Some pick up the lead fast. Well trained from their past!
Now this is how you can get a guy's phone number (if he is well trained from his past, he will pick up the lead well):
Step 1: Change your status message to "To all the people that are already missing me in *the city I had just left*
Step 2: Some men will come up with an unexpected conversation like this:
Victim: ping
StalkerOne: Am in the
Victim: no. Read your status message..
StalkerOne: lol :P so that was the ping you are leaving me :) how sweet :P
and your number?
Victim: yes
StalkerOne:??? How do I dial that?
Victim:
This is how some men will get excited after they give you their phone number:
Victim: Chalo, you work. I have to also get back to work
StalkerOne: okies! ttyl!
Victim: cya!
Victim:
da da da DAH!!!
da da da Daaah!
StalkerOne: eh?
Victim: beethoven's 5ifth!
brilliant for any exit scene
StalkerOne: LOL :D
Peace!
Victim: Peace be with you too!
StalkerOne: :)
He is such a pretty face. And that's all that he is!
StalkerOne: so... this woman was telling me how *the subject* looks cute. i said "right!"
+1 to his admirers list!
StalkerTwo: awww :D
everyone's hitting on him!
good to know :D
StalkerOne: yeah!!! and he tho happily acknowledges every flirt with that gentlemanly nod of his! like thats the max he can do
StalkerTwo: lol
StalkerOne: and I don’t understand how they did not consider him a geek at coll... and y they didn't put him through that course for the geeks
StalkerTwo: LOL!!!
well he's not a geek per SE standards! He can talk quite cutely :D
StalkerOne: right! He can talk cutely during unholy hours about *the name of a prominent public figure in the US* !
StalkerTwo: lol
StalkerOne: and he is too cute to ignore and go off to sleep, even when you are feeling pukey in that goddamn bus!
StalkerTwo: ehehh
StalkerOne: sigh!
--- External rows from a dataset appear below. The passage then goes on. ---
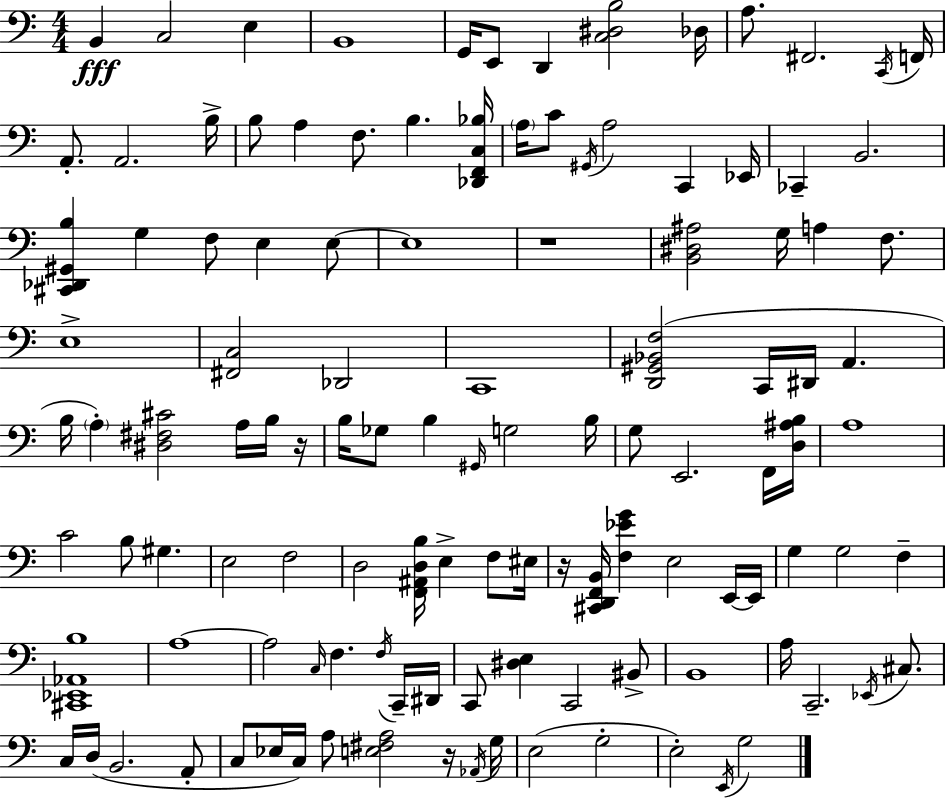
X:1
T:Untitled
M:4/4
L:1/4
K:Am
B,, C,2 E, B,,4 G,,/4 E,,/2 D,, [C,^D,B,]2 _D,/4 A,/2 ^F,,2 C,,/4 F,,/4 A,,/2 A,,2 B,/4 B,/2 A, F,/2 B, [_D,,F,,C,_B,]/4 A,/4 C/2 ^G,,/4 A,2 C,, _E,,/4 _C,, B,,2 [^C,,_D,,^G,,B,] G, F,/2 E, E,/2 E,4 z4 [B,,^D,^A,]2 G,/4 A, F,/2 E,4 [^F,,C,]2 _D,,2 C,,4 [D,,^G,,_B,,F,]2 C,,/4 ^D,,/4 A,, B,/4 A, [^D,^F,^C]2 A,/4 B,/4 z/4 B,/4 _G,/2 B, ^G,,/4 G,2 B,/4 G,/2 E,,2 F,,/4 [D,^A,B,]/4 A,4 C2 B,/2 ^G, E,2 F,2 D,2 [F,,^A,,D,B,]/4 E, F,/2 ^E,/4 z/4 [^C,,D,,F,,B,,]/4 [F,_EG] E,2 E,,/4 E,,/4 G, G,2 F, [^C,,_E,,_A,,B,]4 A,4 A,2 C,/4 F, F,/4 C,,/4 ^D,,/4 C,,/2 [^D,E,] C,,2 ^B,,/2 B,,4 A,/4 C,,2 _E,,/4 ^C,/2 C,/4 D,/4 B,,2 A,,/2 C,/2 _E,/4 C,/4 A,/2 [E,^F,A,]2 z/4 _A,,/4 G,/4 E,2 G,2 E,2 E,,/4 G,2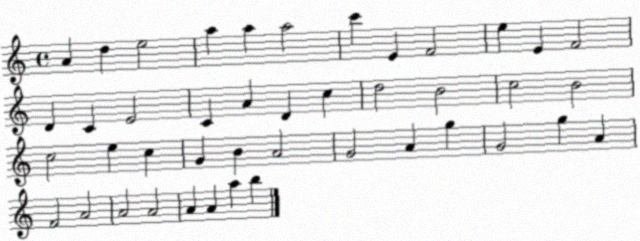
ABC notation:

X:1
T:Untitled
M:4/4
L:1/4
K:C
A d e2 a a a2 c' E F2 e E F2 D C E2 C A D c d2 B2 c2 B2 c2 e c G B A2 G2 A g G2 g A F2 A2 A2 A2 A A a b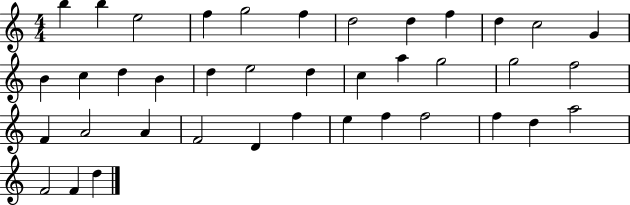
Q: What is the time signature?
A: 4/4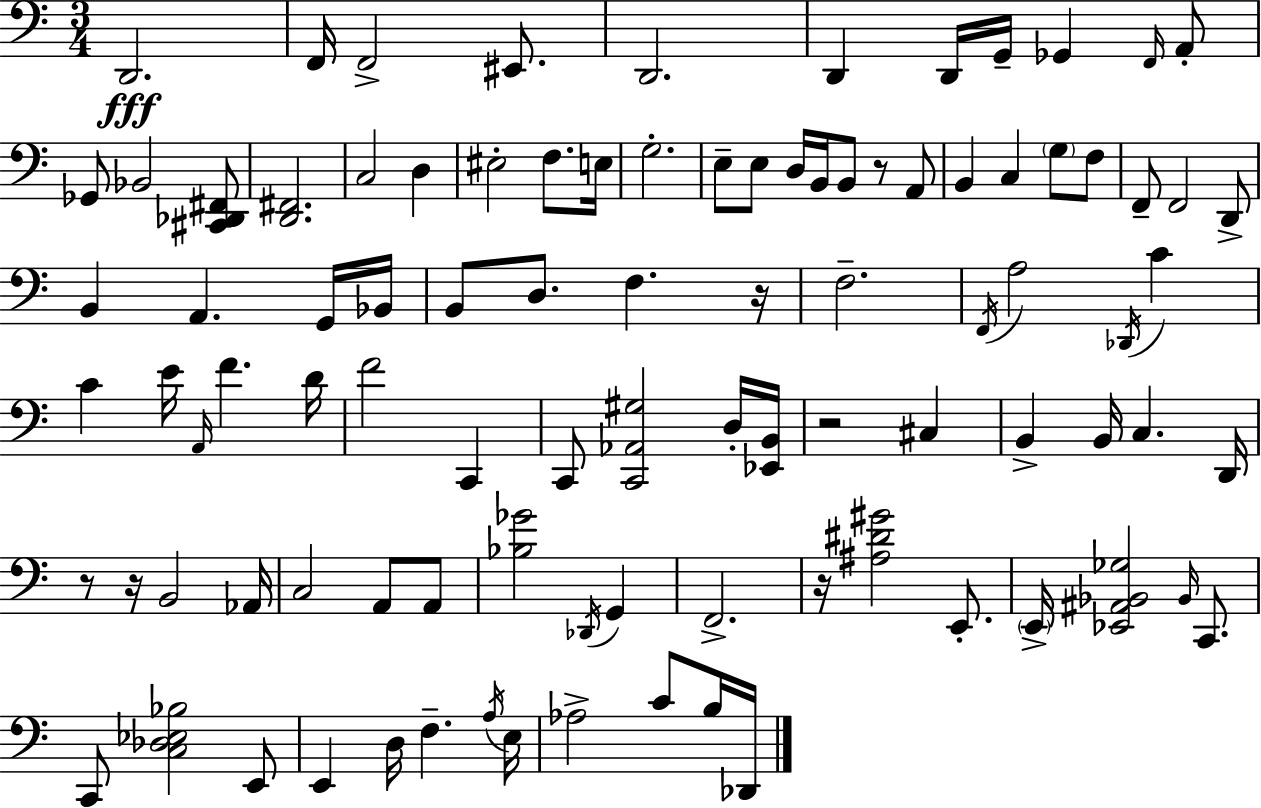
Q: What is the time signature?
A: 3/4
Half the good looking men in the world are married, and the other half pretend to be gentlemen
StalkerTwo: you think he’s pretending huh
StalkerOne: well... he gets on my nerves at times when he just gives that nod and sits there all day watching his laptop's wallpaper, pretending to be working
StalkerTwo: LOL!!!
StalkerOne: the only reason I am not able to brand him as the "silly fool with loads o attitude" is that he is so terribly cute
StalkerTwo: But someone that discusses *the same prominent public figure in the US* all night can’t be dismissed as being silly :( The man uses his brains for all the wrong reasons
StalkerOne: He is just happy with all the attention he is getting in life
StalkerTwo: lollerz ! Not if he maintains the *the same prominent public figure in the US* talk believe me
but you know the movies he chooses to watch are strange
StalkerOne: as long as there are people like me no... he can talk about Obamas and Osamas all night.. and he will have listeners even if they are sick and feeling terrible
StalkerTwo: hehe such loyalty! Ping him and say you are feeling lonely man!
StalkerOne: hahahaaa! I can say all that I want to... the fool should reply no
StalkerTwo: he does man. i really don’t get why he wouldn’t. he’s entirely vetti
StalkerOne: he’ll reply with fantastic one liners
StalkerTwo: lollerz! Hit on him till he comes up with one i say! Worse come worse You are far far away :D its not like he can ignore you or avoid you
StalkerOne: HAHAHA! he can still block me off... I am thinking he deserves to be out through pick up lines about frogs called mangu bunji, and black horses that team up with white horses to produce brown horses
StalkerTwo: :D :D :D :D quite
StalkerOne: mangu bunji, my foot!! she said I was silly when i asked for his surname! now wat she did is the heights of sophistication!
StalkerTwo: hehehehe! It’s a frog on her profile in *a popular social networking site*
StalkerOne: yes... and she invited him "home" to see it! like for "introducing" him to mangu bunji. its enough if she just adds him on *the same social networking site* , or walk up to his desk with her lappy
StalkerTwo: lol!
StalkerOne: and I enjoyed it when she excused herself form the world around her, and he told her "switch off the light' and went back to sleep! bwaaahahahaa!